TASK DIRECTIONS:
Starting with the line that has "Moon Pendant Pants" in the records below and ending with the line that has "Ursine Monstrosity Card Front", output those lines exactly and nothing more; omit the pictures.

RECORDS TO PROCESS:
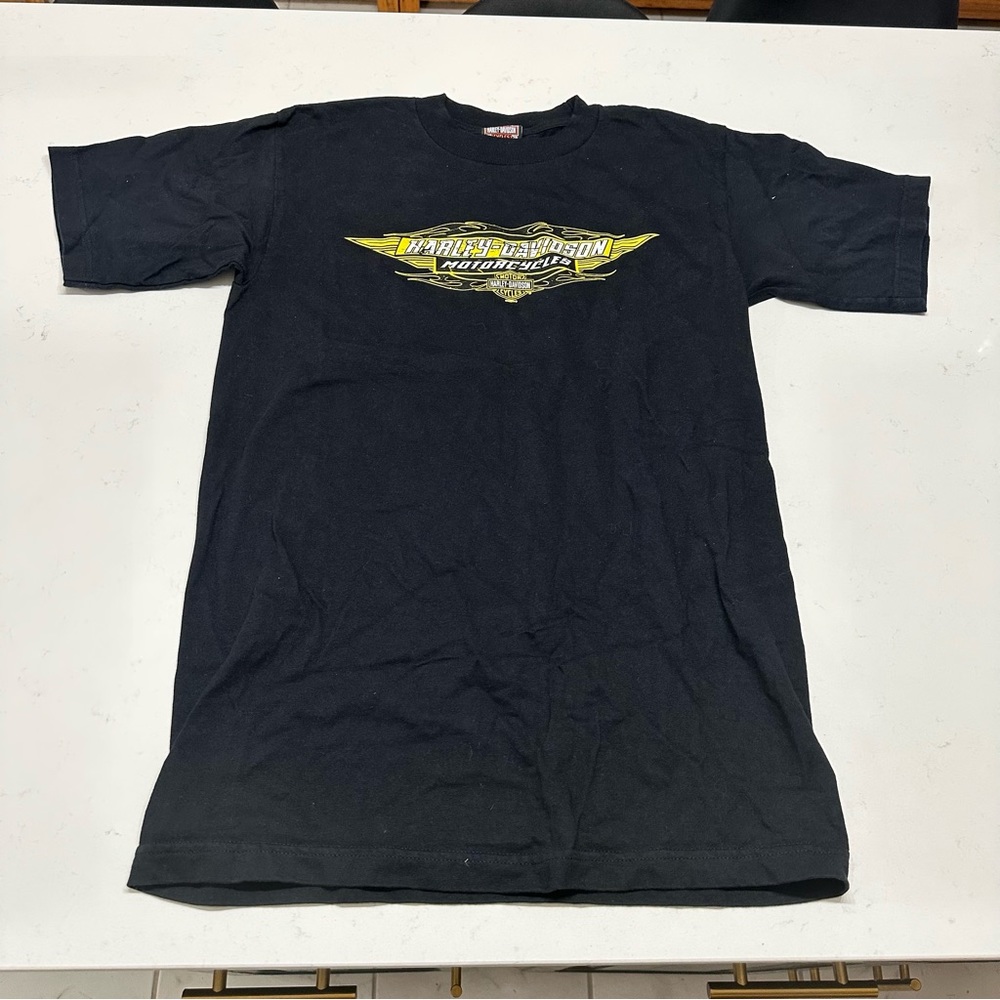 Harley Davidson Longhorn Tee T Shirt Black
==
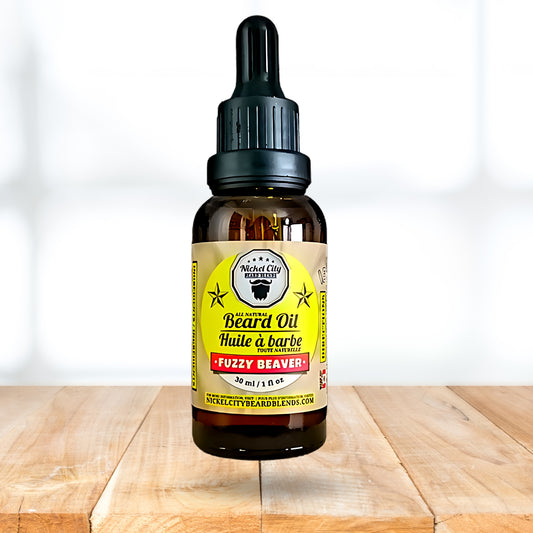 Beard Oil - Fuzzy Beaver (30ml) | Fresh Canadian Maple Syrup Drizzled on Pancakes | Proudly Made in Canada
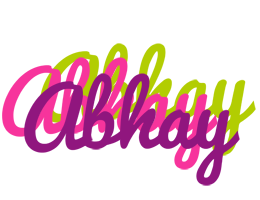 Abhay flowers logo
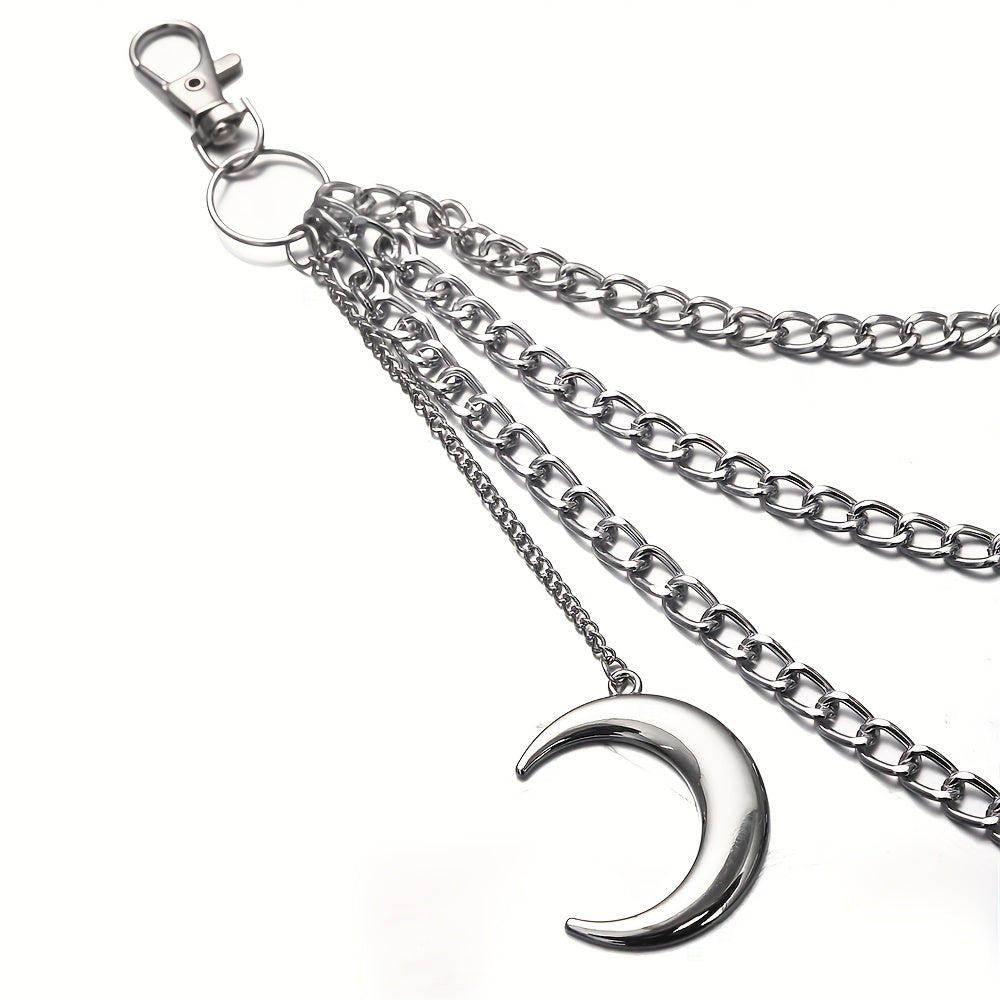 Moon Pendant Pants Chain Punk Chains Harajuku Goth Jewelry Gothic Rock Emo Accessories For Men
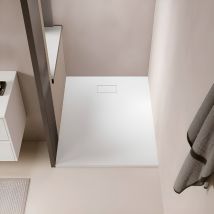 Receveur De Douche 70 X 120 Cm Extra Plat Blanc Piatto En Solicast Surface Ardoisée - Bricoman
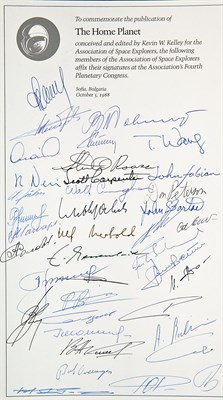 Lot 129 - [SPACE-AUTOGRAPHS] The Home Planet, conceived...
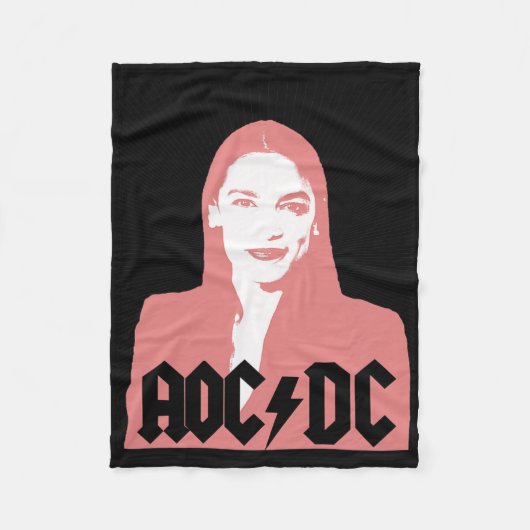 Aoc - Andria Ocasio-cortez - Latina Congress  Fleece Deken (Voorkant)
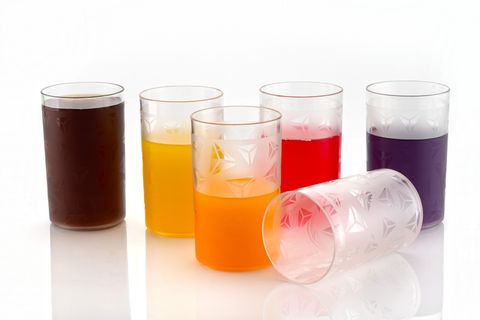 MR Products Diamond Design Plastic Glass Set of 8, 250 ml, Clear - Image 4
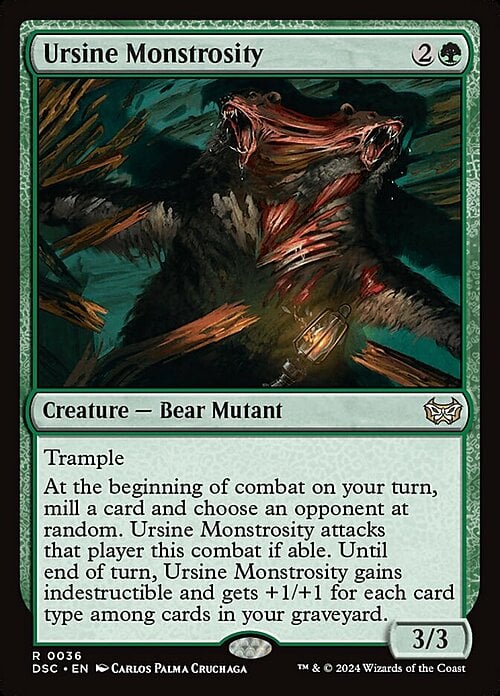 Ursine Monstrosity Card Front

ANSWER TO THE PROBLEM:
 Moon Pendant Pants Chain Punk Chains Harajuku Goth Jewelry Gothic Rock Emo Accessories For Men
 Receveur De Douche 70 X 120 Cm Extra Plat Blanc Piatto En Solicast Surface Ardoisée - Bricoman
 Lot 129 - [SPACE-AUTOGRAPHS] The Home Planet, conceived...
 Aoc - Andria Ocasio-cortez - Latina Congress  Fleece Deken (Voorkant)
 MR Products Diamond Design Plastic Glass Set of 8, 250 ml, Clear - Image 4
 Ursine Monstrosity Card Front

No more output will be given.